Japan’s Environment Ministry is looking to boost the deployment of ground mounted solar farms by offering extra support to projects being built on landfill sites that have reached full capacity, according to reports in the Japanese press.
According to newspaper Asahi Shimbun and other sources, a study commissioned by the ministry in 2013 and recently concluded, found that the total area spanned by landfill sites could accommodate around 7.4GW of extra solar generation capacity if utilised effectively.
The ministry posted a document on its website highlighting some of the issues and confirming that the scheme is expected to last three fiscal years. It explains that many of the sites could not otherwise be repurposed for use and that solar plants would represent something of an opportunity to reuse land from which contaminated groundwater and chemicals might have to be pumped. The ministry's document states that it will continue to fund and carry out feasibility studies on landfill sites as well as offering direct support for the construction and development projects.
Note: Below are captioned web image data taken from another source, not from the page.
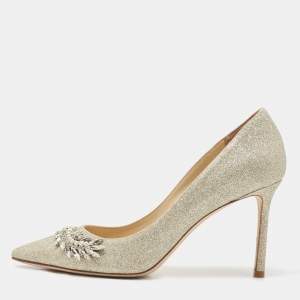 Jimmy Choo Gold Glitter Romy Pointed Toe Pumps Size 38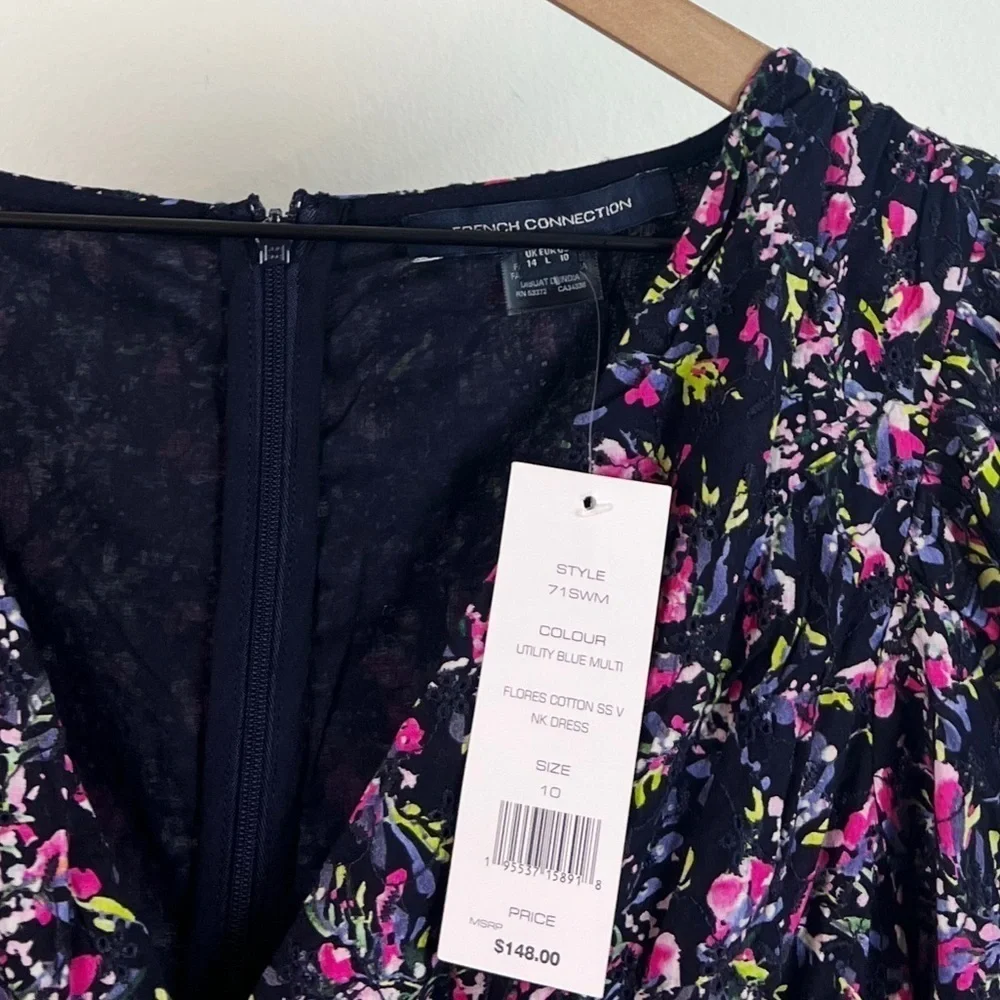 NWT French Connection Flores Cotton V-Neck Cutout Floral Mini Dress - Picture 7 of 9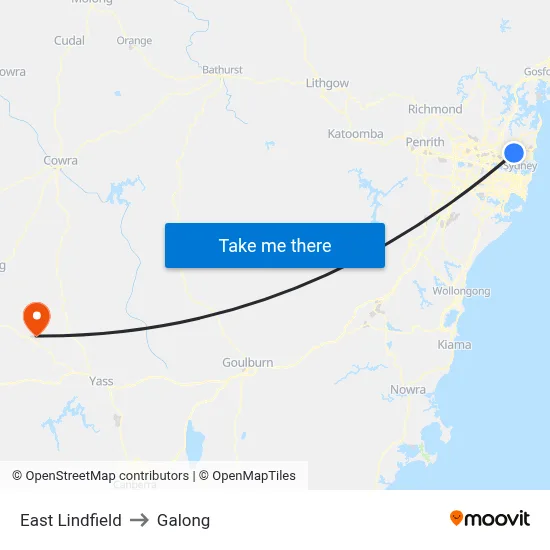 East Lindfield to Galong map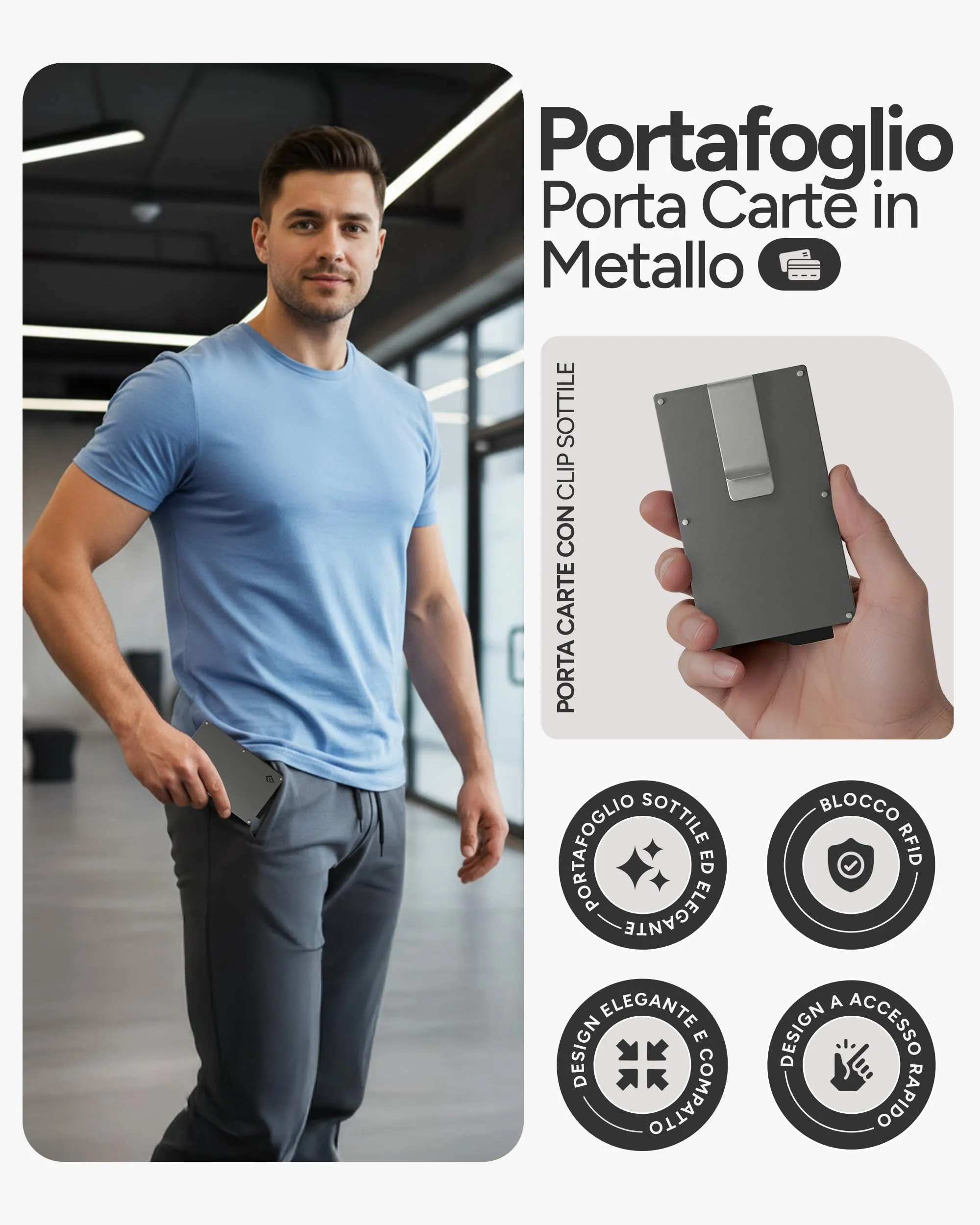 AKIELO Alpha Portafoglio Slim Porta Carte di Credito con Blocco RFID e Fermasoldi - Edizione Titanio - immagine 2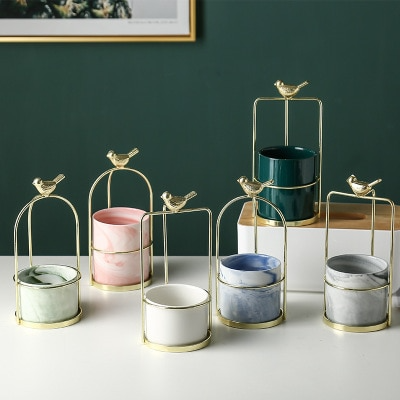 Flower plant pots with bird design for stylish decoration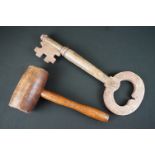 Mason's Wooden Mallet, 37cm long together with Balsa Wood Oversized Key, 52cm long
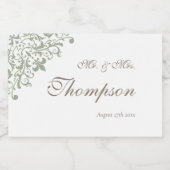 リージェンシーフランスのグリーン（紋章の）フラ・ダ・リ結婚式の引き出物 スパークリングワインラベル (シングルラベル)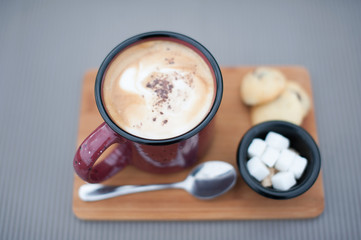 Cappuccino in a vintage cup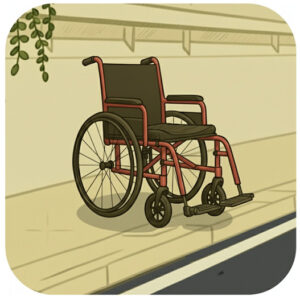 Red and black manual wheelchair positioned on concrete surface outdoors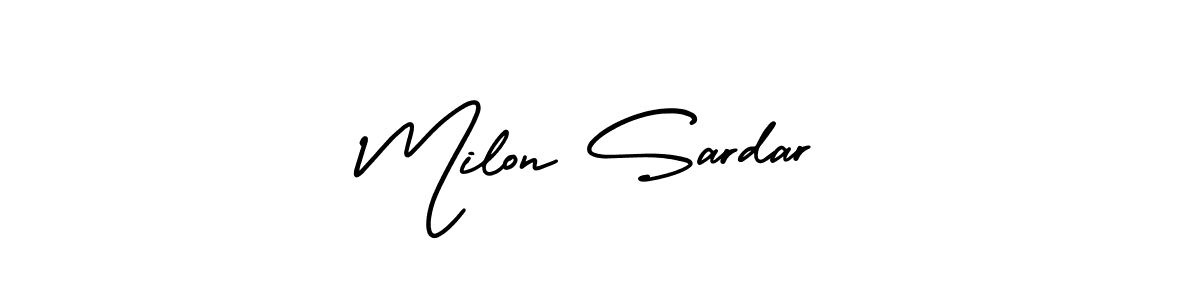 Create a beautiful signature design for name Milon Sardar. With this signature (AmerikaSignatureDemo-Regular) fonts, you can make a handwritten signature for free. Milon Sardar signature style 3 images and pictures png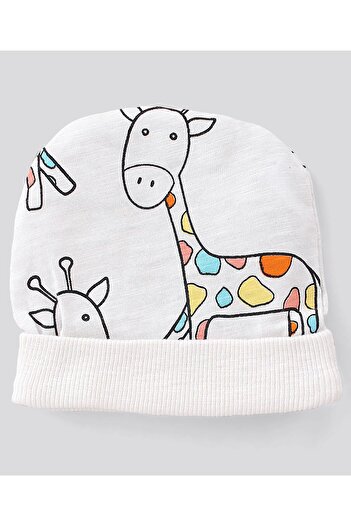Bonfino Animal Print Cap Mittens & Booties - White
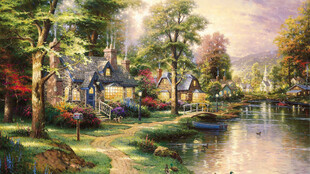 河畔小屋秋日美景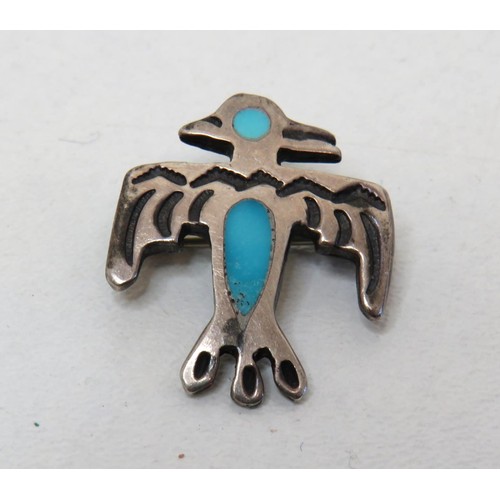 51 - Sterling Silver & Turquoise Signed Old Cuzco bird brooch and small silver & turquoise bird brooch.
Recently, the Japanese solar industry has suffered highly publicised difficulties in getting hundreds of approved projects online. While some 35GW of projects have been approved by the Japanese government, only a fraction have been connected, due to reasons that include lack of available grid capacity and a shortage of suitable land. Some commentators have warned that high levels of public approval for solar that have been enjoyed in recent times could be in jeopardy if electricity prices for consumers continue to rise, attributed in part to the struggle to continue adding renewable energy capacity.